| Exercise data |
■ ■ ■ ■
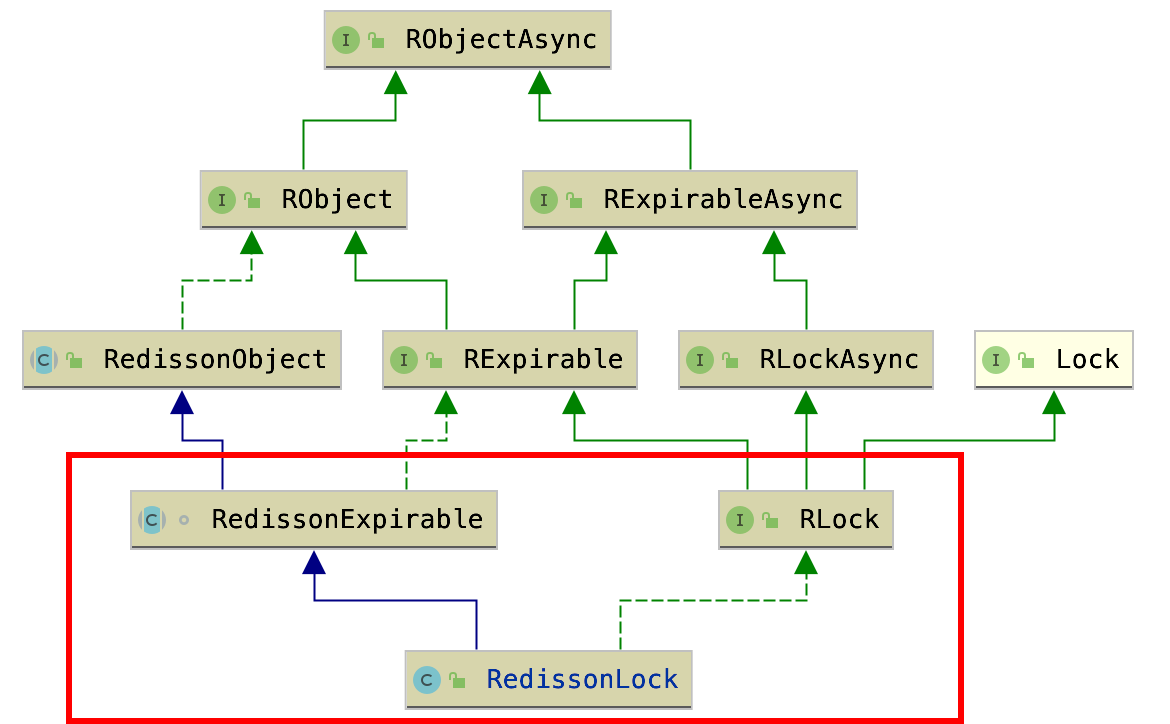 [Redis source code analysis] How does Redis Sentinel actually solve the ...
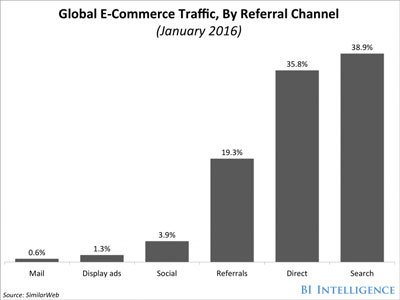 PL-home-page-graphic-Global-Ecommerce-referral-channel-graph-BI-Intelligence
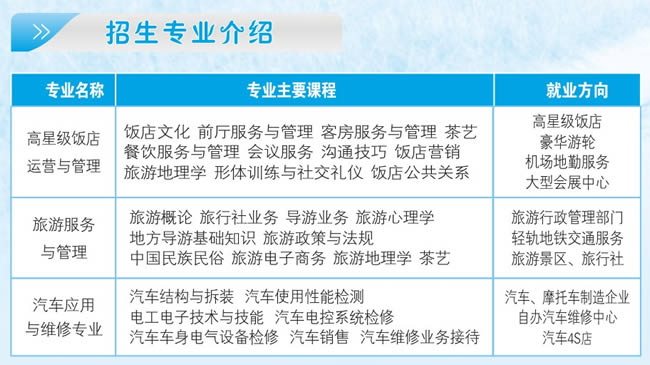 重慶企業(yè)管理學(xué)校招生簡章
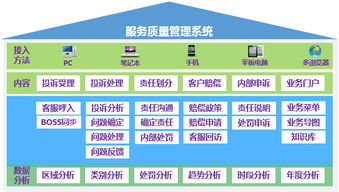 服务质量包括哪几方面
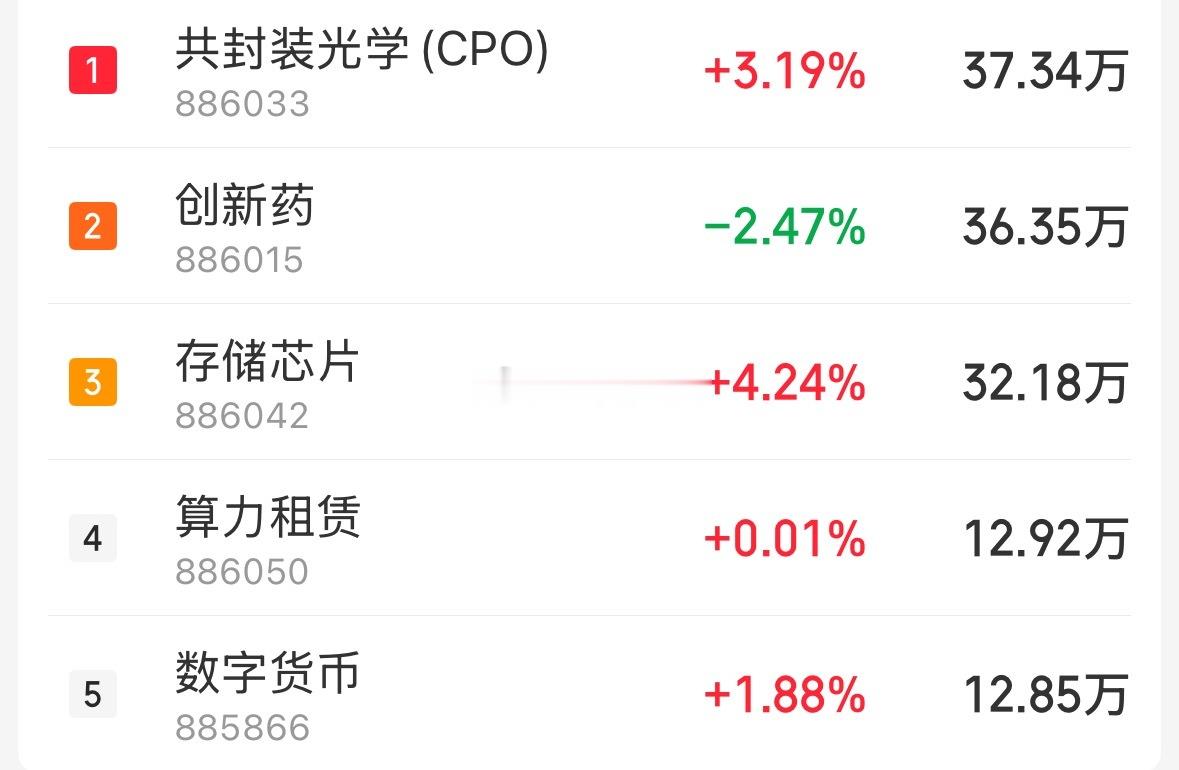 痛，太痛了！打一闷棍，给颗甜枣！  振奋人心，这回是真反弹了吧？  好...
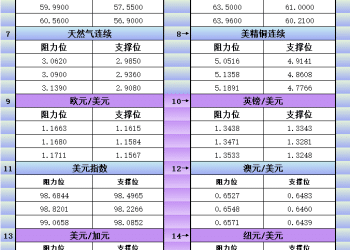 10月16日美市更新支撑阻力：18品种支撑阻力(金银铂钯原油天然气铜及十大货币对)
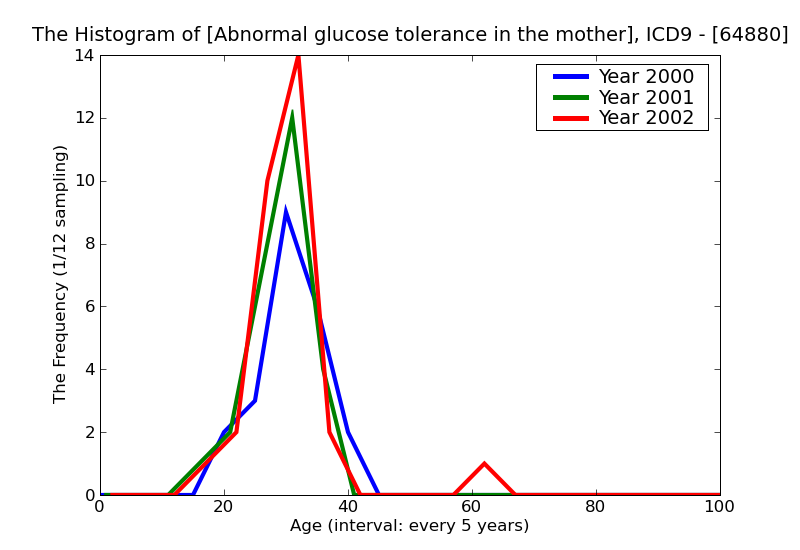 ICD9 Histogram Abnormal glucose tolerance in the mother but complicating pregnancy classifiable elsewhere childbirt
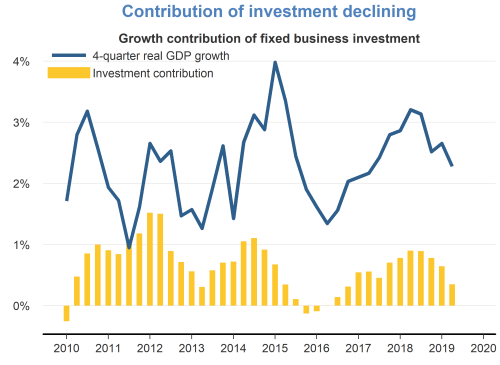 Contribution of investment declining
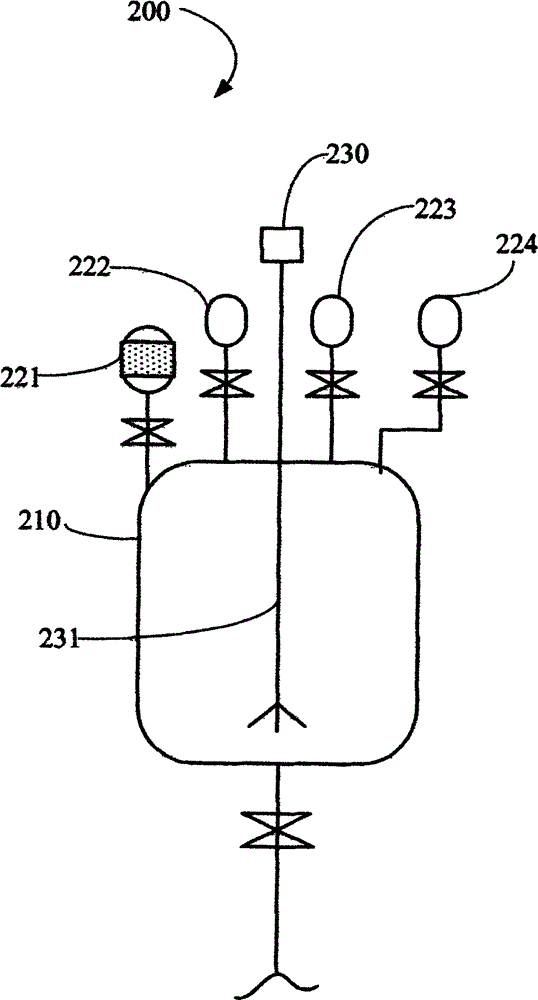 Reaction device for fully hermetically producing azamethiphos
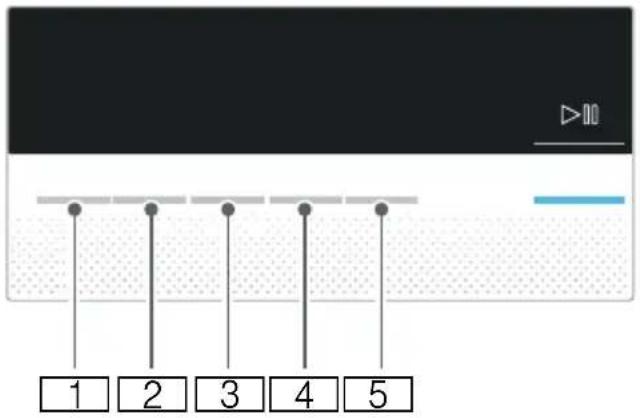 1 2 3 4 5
■ ■ ■ ■
| Your assignment |
Word for word, return the material, omitting the pictures.

| Response to this task |
 [Redis source code analysis] How does Redis Sentinel actually solve the ...
 PL-home-page-graphic-Global-Ecommerce-referral-channel-graph-BI-Intelligence
 重慶企業(yè)管理學(xué)校招生簡章
 服务质量包括哪几方面
 痛，太痛了！打一闷棍，给颗甜枣！  振奋人心，这回是真反弹了吧？  好...
 10月16日美市更新支撑阻力：18品种支撑阻力(金银铂钯原油天然气铜及十大货币对)
 ICD9 Histogram Abnormal glucose tolerance in the mother but complicating pregnancy classifiable elsewhere childbirt
 Contribution of investment declining
 Reaction device for fully hermetically producing azamethiphos
 1 2 3 4 5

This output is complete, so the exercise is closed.